Q. The story behind how the sustainability program got off the ground at Explorate is quite remarkable, please share it with us.

Shannon: We were having a social event and I mentioned to Alex how bummed I was that nothing had come from the carbon emissions calculations when I first started. And Alex seemed to take it really personally, he was really apologetic at the time, like "I'm so sorry we've let you down." And then he pulls me in, I think the next morning? He pulls me aside into a meeting room and basically says "I've made some calls, we're going to fast track this." And we did. We started working on it almost immediately after that.
Alex: I think because of Shannon bringing it to my attention, when you see something like that, you can't unsee it - Ocean carriers commit 2.5% of global CO2 emissions. It's such a big amount that I wasn't even aware of. So, for someone like Shannon to bring that to my attention and say "We need to act on this" and not only that, but for her to lead the initiative, it was just incredibly inspiring.

Q. How would you like to further Explorate's sustainability mission?

Shannon: I'd love to get started on carbon offsets V2, making sure that we can offset end to end. Right now we're doing sea transportation, but we also organise transportation inland, so getting that last mile transportation offsets and making sure that our current stuff is really super accurate. And also I'd like to offer the greenest route for our customers ... Being able to offer the cheapest route and the route that produces the least emissions, so that we're not only offsetting but reducing the amount of emissions created in the first place. I think that's really important, not just continuing to do a bad thing and then offsetting to make it better, but really making a difference and reducing the amount of emissions in the first place.
Alex: I think you lead into my perspective on that, it's how do we actually use the data we're collecting. Now we're offsetting and can be a version of neutral, but that doesn't mean we can't be better. How can we make smarter decisions using everything that we're capturing from our customers, as far as anything that's in transit. Once that we have that full end-to-end visibility feeds, it all comes down and feeds into other product features that we're working on at the moment around purchase order management and the reselling of empty container space. How can we be better at as an industry, leverage the internal innovation - not just accept the standards of how we've been doing things for the last 60 to 70 years.

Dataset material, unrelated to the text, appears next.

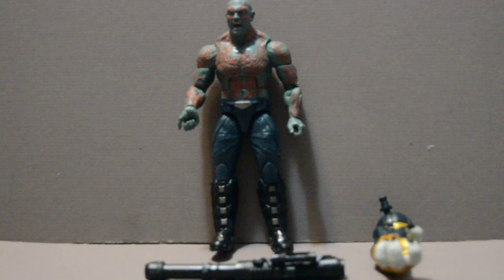Welcome back, YouTube fans. This is a review of the Guardians of the Galaxy Vol. 2 Marvel Legends series and Drax the Destroyer, though he's just called Drax on this, unlike his previous incarnation in the previous series.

Let's actually move forward as an industry and be better.

Q. What do you have to say to c-suites and boardrooms that are still not actively making their supply chains more sustainable?

Shannon: You have to do it now or it's going to come back around to bite you. The world is changing - get ahead of the curve or watch as it runs away from you.
Alex: I think the implications for the board or the c-suites are so far reaching now. There's going to be financial penalties, it's going to have implications across the business and in staff retention. Looking at our example here, had I dismissed Shannon and not listened, and not acted on something that was really dear to Shannon - and generationally that's going to be far more important to people just like yourself - there's going to be a huge staff churn and people turning away from organisations that aren't taking this seriously. So it's not just the right thing to do, it's not just the right thing to do from a preservation perspective and financially, but it's also for your staff and for making sure that the people that work in the organisation are happy and aligned culturally to the business.